朝8時に起きる。腹が減っている。いつだか知人が買ってきて、密封せずに放置している揖保乃糸に、この状態で放置してると虫が寄ってくるじゃないかと腹を立てつつ、一把だけ茹でて食す。一把では物足りず、魚肉ソーセージも一本食す。読書メモを書き記しているうちに知人が起きてきて、整骨院に出かけてゆく。僕も入れ違いで整骨院へ行き、12時半、近所の蕎麦屋の前で知人と待ち合わせ、二人ともカレー南蛮を食べた。

 ビールを飲んだこともあり、アパートに戻ったあとでコーヒーを淹れた。

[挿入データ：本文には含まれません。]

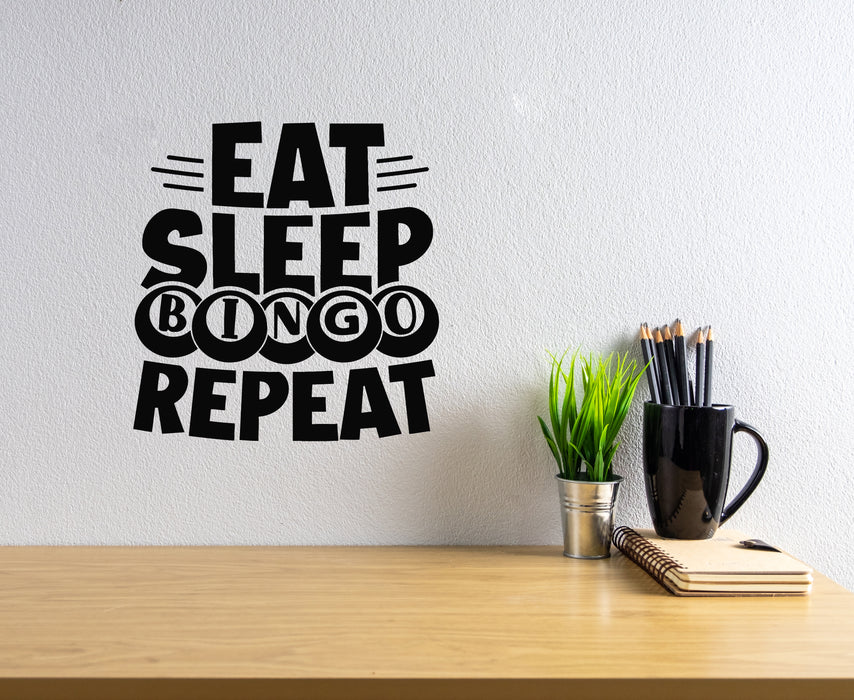 Autocollant mural en vinyle Eat Sleep Bingo Répéter la phrase Jeu de société Autocollants Mural (g7679)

15時過ぎにアパートを出て恵比寿に出て、友人のA・Iさんと待ち合わせ。まずは喫茶店へ。僕はカフェラテを、Aさんはいちごフレーバーと生クリームが溶け合った、見ているだけで胸焼けしそうな飲み物を注文している。まだアルコールが残っている感じがするとAさんは言う。昨晩は新宿の沖縄料理屋でAさんと飲んでいて、結構な量の泡盛を飲んだ。確かに、昨晩のうちから「今日は珍しくAさんが酔っ払っているな」と感じていて、それを密かに嬉しく感じていた。いつも僕が酔っ払っているばかりで、酔っ払いというのは不思議なもので、自分だけが酔っ払っているのでは少し寂しく感じてしまう。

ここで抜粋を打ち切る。